Several rate limiting algorithms are available, either taking into account only the start time of the operation, or the entire duration of its execution.

API

Basic rate limiter usage:

import ox.supervised
import ox.resilience.*
import scala.concurrent.duration.*

supervised: 
  val rateLimiter = RateLimiter.fixedWindowWithStartTime(2, 1.second)

  type T
  def operation: T = ???

  val blockedOperation: T = rateLimiter.runBlocking(operation)
  val droppedOperation: Option[T] = rateLimiter.runOrDrop(operation)

blockedOperation will block the operation until the algorithm allows it to be executed. Therefore, the return type is the same as the operation. On the other hand, if the algorithm doesn’t allow execution of more operations, runOrDrop will drop the operation returning None and wrapping the result in Some when the operation is successfully executed.

A rate limiter must be created within an Ox concurrency scope, as a background fork is created, to replenish the rate limiter.

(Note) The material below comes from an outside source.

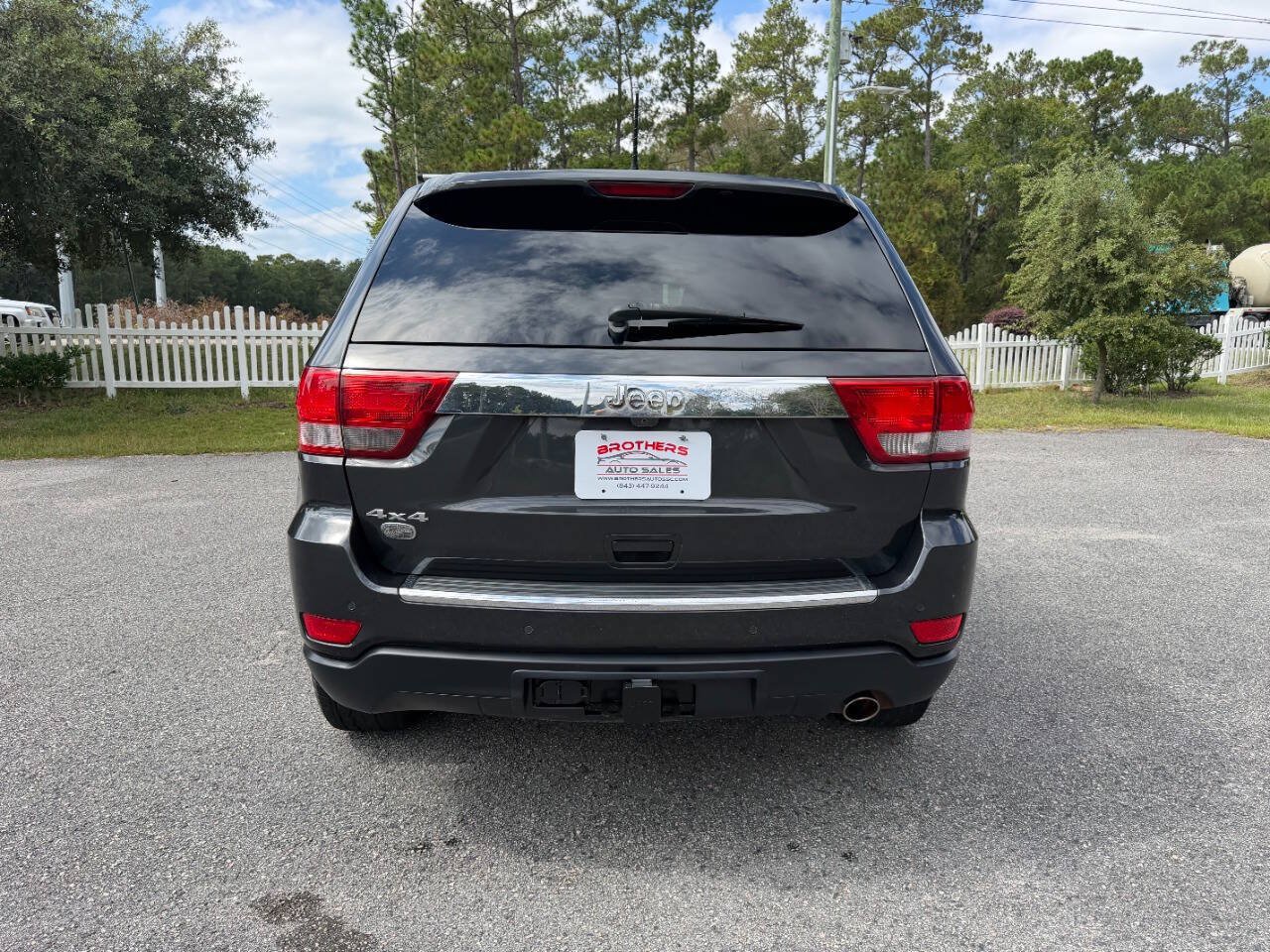 Used 2011 Jeep Grand Cherokee Overland AWD/4WD image 34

Once the scope ends, the rate limiter is stops as well.

Operation definition

The operation can be provided directly using a by-name parameter, i.e. f: => T.

Configuration

The configuration of a RateLimiter depends on an underlying algorithm that controls whether an operation can be executed or not. The following algorithms are available:

StartTimeRateLimiterAlgorithm.FixedWindow(rate: Int, per: FiniteDuration) - where rate is the maximum number of operations to be executed in fixed windows of per duration.
StartTimeRateLimiterAlgorithm.SlidingWindow(rate: Int, per: FiniteDuration) - where rate is the maximum number of operations to be executed in any window of time of duration per.
StartTimeRateLimiterAlgorithm.LeakyBucket(maximum: Int, per: FiniteDuration) - where rate is the maximum capacity of tokens available in the token bucket algorithm and one token is added each per. It can represent both the leaky bucket algorithm or the token bucket algorithm.
DurationRateLimiterAlgorithm.FixedWindow(rate: Int, per: FiniteDuration) - where rate is the maximum number of operations which execution spans fixed windows of per duration. Considers whole execution time of an operation. Operation spanning more than one window blocks permits in all windows that it spans.
DurationRateLimiterAlgorithm.SlidingWindow(rate: Int, per: FiniteDuration) - where rate is the maximum number of operations which execution spans any window of time of duration per. Considers whole execution time of an operation. Operation release permit after per passed since operation ended.

API shorthands

You can use one of the following shorthands to define a Rate Limiter with the corresponding algorithm:

RateLimiter.fixedWindowWithStartTime(maxOperations: Int, window: FiniteDuration)
RateLimiter.slidingWindowWithStartTime(maxOperations: Int, window: FiniteDuration)
RateLimiter.leakyBucket(maxTokens: Int, refillInterval: FiniteDuration)
RateLimiter.fixedWindowWithDuration(maxOperations: Int, window: FiniteDuration)
RateLimiter.slidingWindowWithDuration(maxOperations: Int, window: FiniteDuration)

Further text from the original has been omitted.